Based on the above analysis, we propose an uncertain-aware late fusion method based on hybrid uncertainty calibration (ULF-HUC) to enhance the calibration and classification of the model. The main contributions of this paper are summarized as follows:
- •
We propose a hybrid uncertainty calibration (HUC) method, which utilizes the labels of both modalities to impose uncertainty constraints on each modality separately, aiming to reduce the uncertainties in each modality and enhance the calibration ability of the model.
- •
We propose an uncertain-aware late fusion (ULF) method to enhance the classification ability of the model.
- •
We add common types of noise, such as Gaussian noise and salt-and-pepper noise, to the test set. Experimental results demonstrate that our proposed model exhibits greater generalization ability.
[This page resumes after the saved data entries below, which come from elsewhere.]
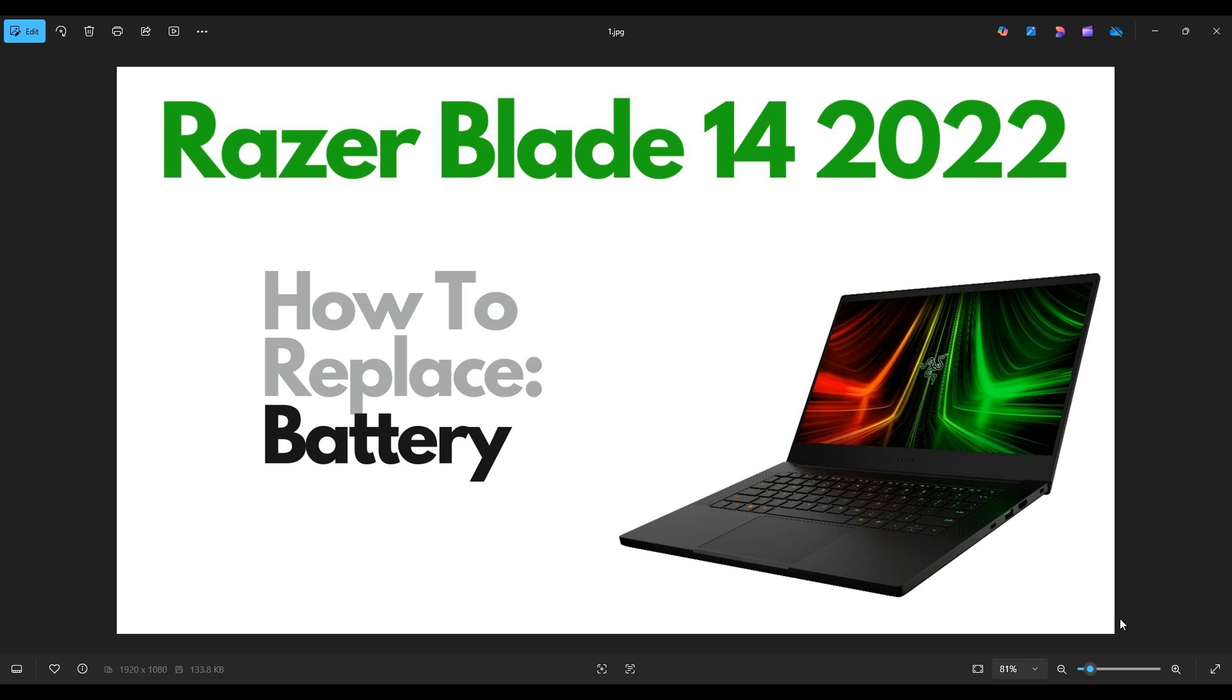Hello everyone, my name is Jamin. Thanks so much for visiting my channel. In this video I have a Razer Blade 14, the 2022 model. I'm going to show you how to get inside and access your battery.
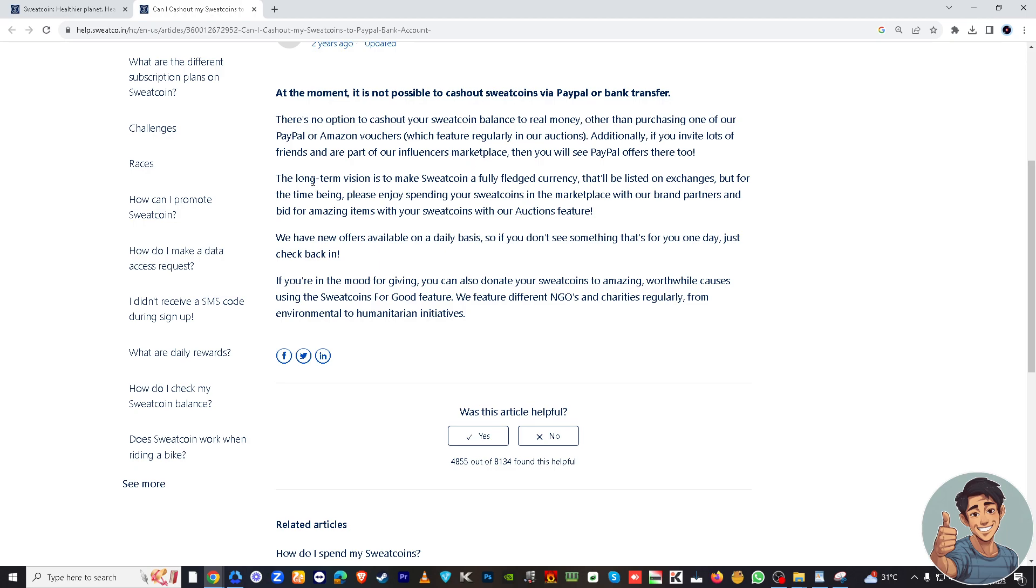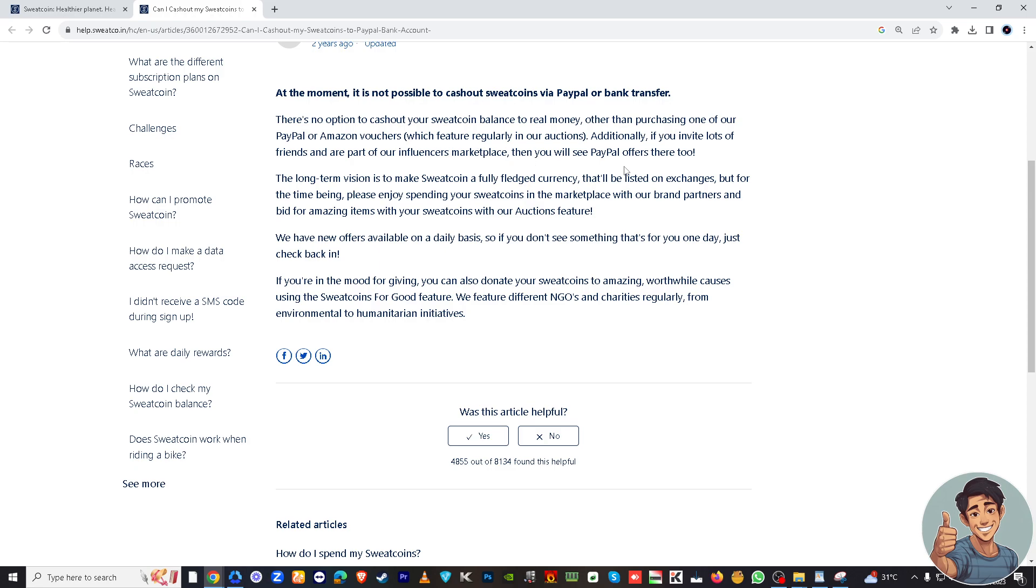That's one workaround. So this feature regularly appears in two of their auctions. Additionally, if you invite lots of friends and are part of our influencers marketplace, then you will see PayPal offers there too.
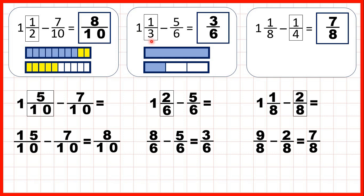We started with 1 and 1 third, but we were taking away sixths. So first we saw that 1 and 1 third is the same as 1 and 2 sixths, but because we needed to take 5 sixths away, we needed to turn our 1 whole into sixths as well, so that's 8 sixths. Then we could subtract 5 of those sixths, to leave us 3 sixths as our answer.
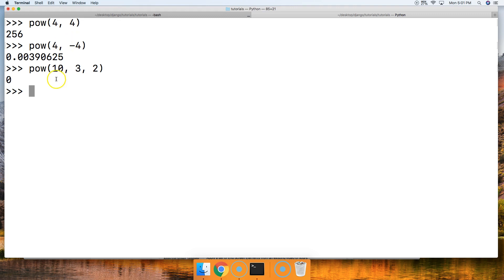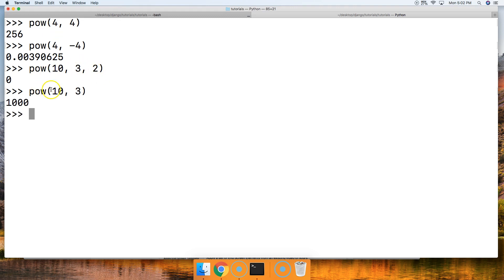All right, so this would be 1,000 I believe. So let's do pow 10, 3, yeah 1,000. So 1,000 divided by 2, you have nothing left there.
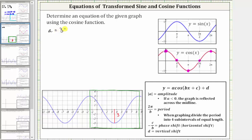Also, because the midline is the x-axis, or y equals zero, there is no vertical shift, and therefore d is zero.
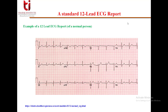A standard 12-lead ECG report shows a 2.5-second tracing of each of the 12 leads. These tracings are most commonly arranged in a grid of 4 columns: the first column shows leads 1, 2, 3; the second shows AVR, AVL, AVF; the third shows V1, V2, V3; and the fourth shows V4, V5, V6.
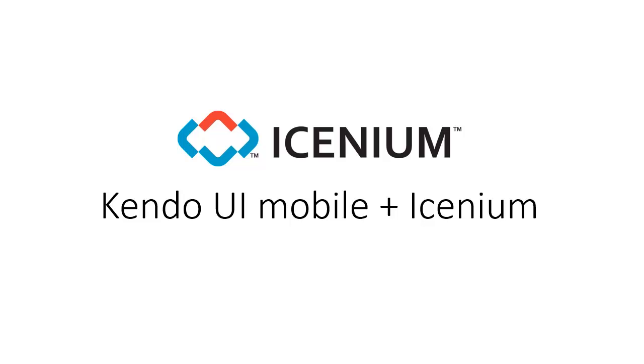In this video, we're going to take a quick look at using Kendo UI Mobile with Icenium to develop native feeling applications.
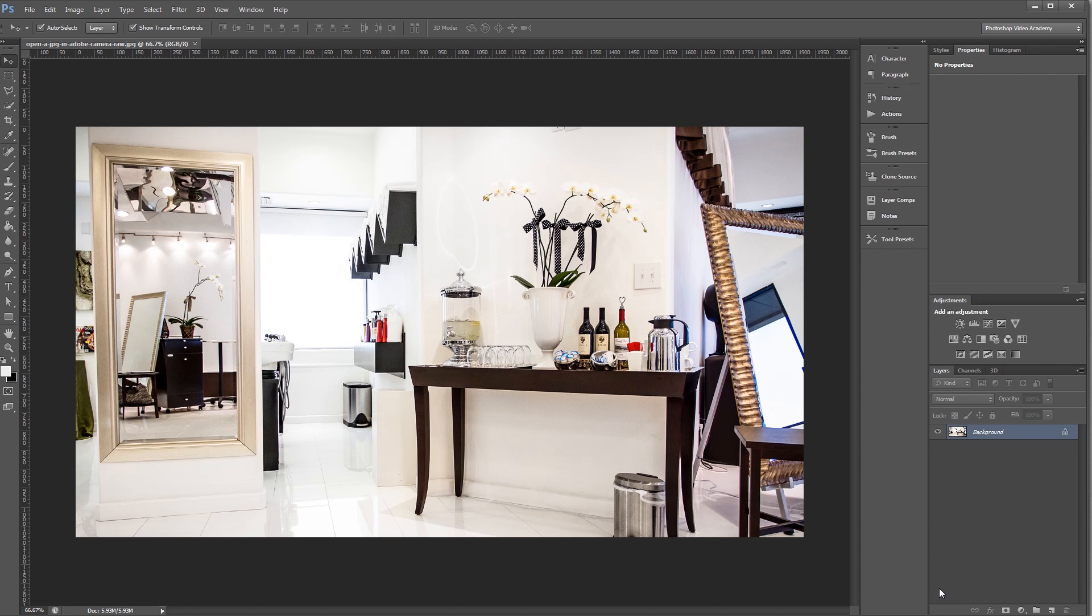On a Mac, you'll want to simply click File, Open, select the file that you want to open, and you'll see a format dropdown where you'll choose Camera Raw.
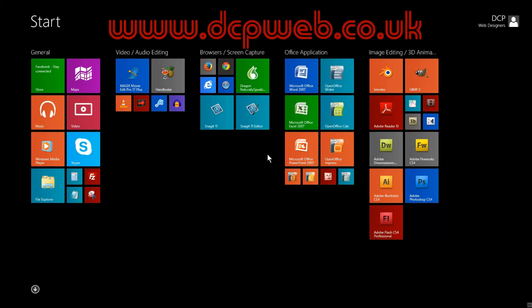Hi, welcome to this DCP web tutorial. In today's tutorial I want to show you how to boot your Windows 8.1 into desktop mode.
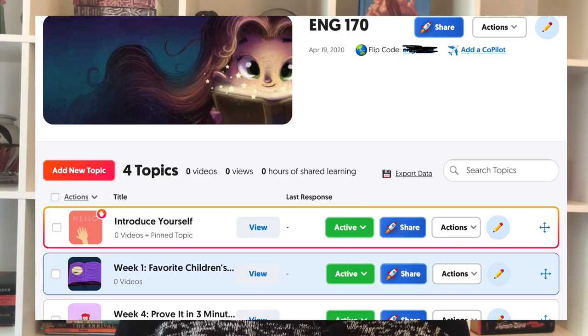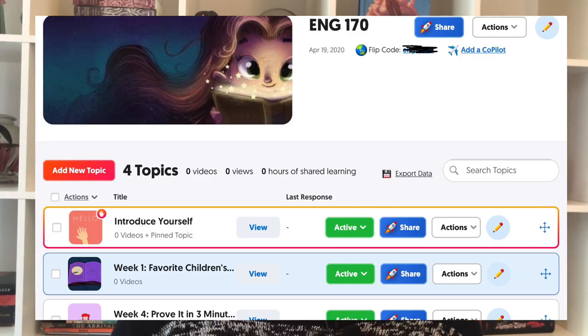Each student records a video response answering the prompt. You can do this during week one and also throughout the semester for regular homework or icebreakers to keep building community. People can respond to each other's videos too, so you can include that in the assignment prompt — respond to my prompt and also reply to three of your classmates. I'll link the full Flipgrid tutorial below in the description.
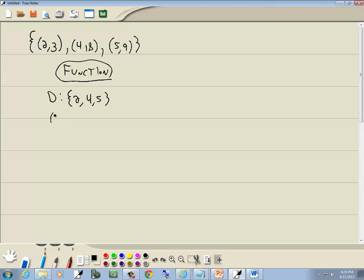Now, your range is your y values. And I'll write them down from smallest to largest, not repeating any. So I've got 3, 8, 9.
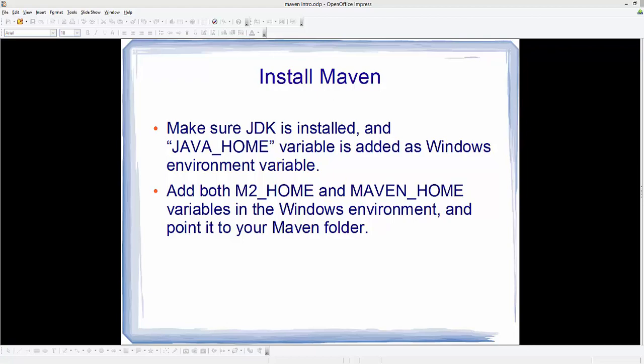Hello guys, welcome to the next video on Maven tutorial for beginners. In this video we will see how we can download, install, and set up Maven on our Windows operating system. Before installing Maven, you need to make sure that Java JDK is installed on your Windows operating system.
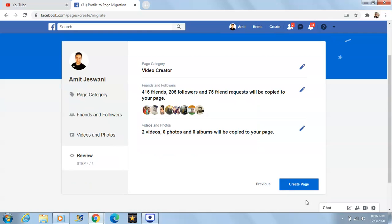We'll click next and here's the review. The page category you selected, friends and followers you selected — all the friends and followers will be copied to your page, and the videos which we had selected will also be going to your page. So once you click 'Create Page', your profile will be converted into a page.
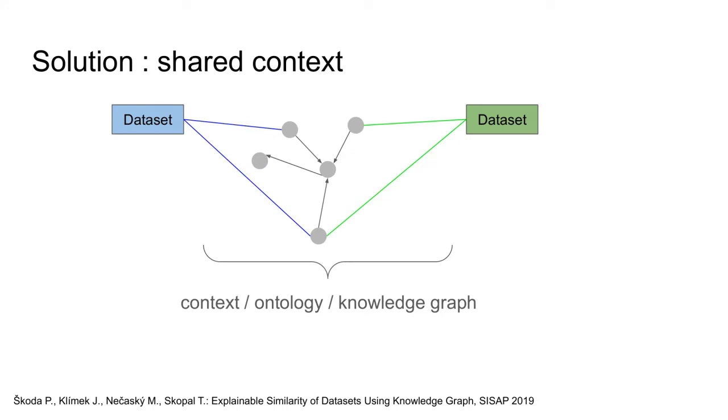The main idea of the solution is to utilize a shared context or a knowledge graph. The similarity algorithm then consists of two main steps. In the first step, we map content of the metadata records into the knowledge graph. In the second step, we employ graph-based algorithms to compute the dataset similarity. I give a brief comment on each step on the following slides.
The rest of the paper is organized as follows. In
Section 2, we put our approach in the context of relevant existing work. Then, in
Section 3, we present a detailed description of our proposed method. In
Section 4, we conduct an experimental evaluation and analysis of our approach. Finally,
Section 5 provides a summary of our findings and concludes the paper.
5. Conclusions
To address the issue of traditional multimodal sentiment analysis methods being unable to effectively solve the uncertainty estimation problem among different modalities, we propose an uncertain-aware late fusion method based on hybrid uncertainty calibration (ULF-HUC). The core idea of this paper is to introduce a late fusion strategy based on uncertainty estimation and then use hybrid uncertainty calibration to learn the sentimental features of the two modalities. To successfully implement this core idea, we propose a series of methods. Firstly, we conduct an in-depth analysis of the sentiment polarity distribution in sentiment analysis datasets. Secondly, to minimize the high uncertainty caused by inconsistent sentiment polarities in different modalities, we propose a fusion strategy based on uncertainty estimation. Next, to achieve a balance between model accuracy and uncertainty, we use a learning method with hybrid uncertainty calibration, effectively reducing uncertainty when the model is accurate and reducing certainty when the model is inaccurate. Finally, we add different types of noise (namely Gaussian noise and Salt–Pepper noise) to verify the model’s classification and calibration capabilities. Experimental results show that our proposed ULF-HUC method overcomes the limitations of unimodal models and improves performance after fusion. Additionally, our method outperforms the comparison methods in terms of classification performance and calibration performance on three MVSA datasets, improving evaluation metrics such as accuracy, weighted F1, and expected uncertainty calibration error (UCE).
This research work has the following limitations: (1) The study focuses on multimodal sentiment analysis. (2) The impact of noise on the model’s performance and how to mitigate its effects is a relevant and worthy topic for further exploration.
In the future, to address the issue of disparate learning capabilities among different modalities, we will consider methods that are more suitable for calibrating modality learning capabilities in existing multimodal fusion strategies. Additionally, we will explore new methods for uncertainty calibration and consider the challenges of accuracy and uncertainty estimation calibration brought by more complex multimodal fusion.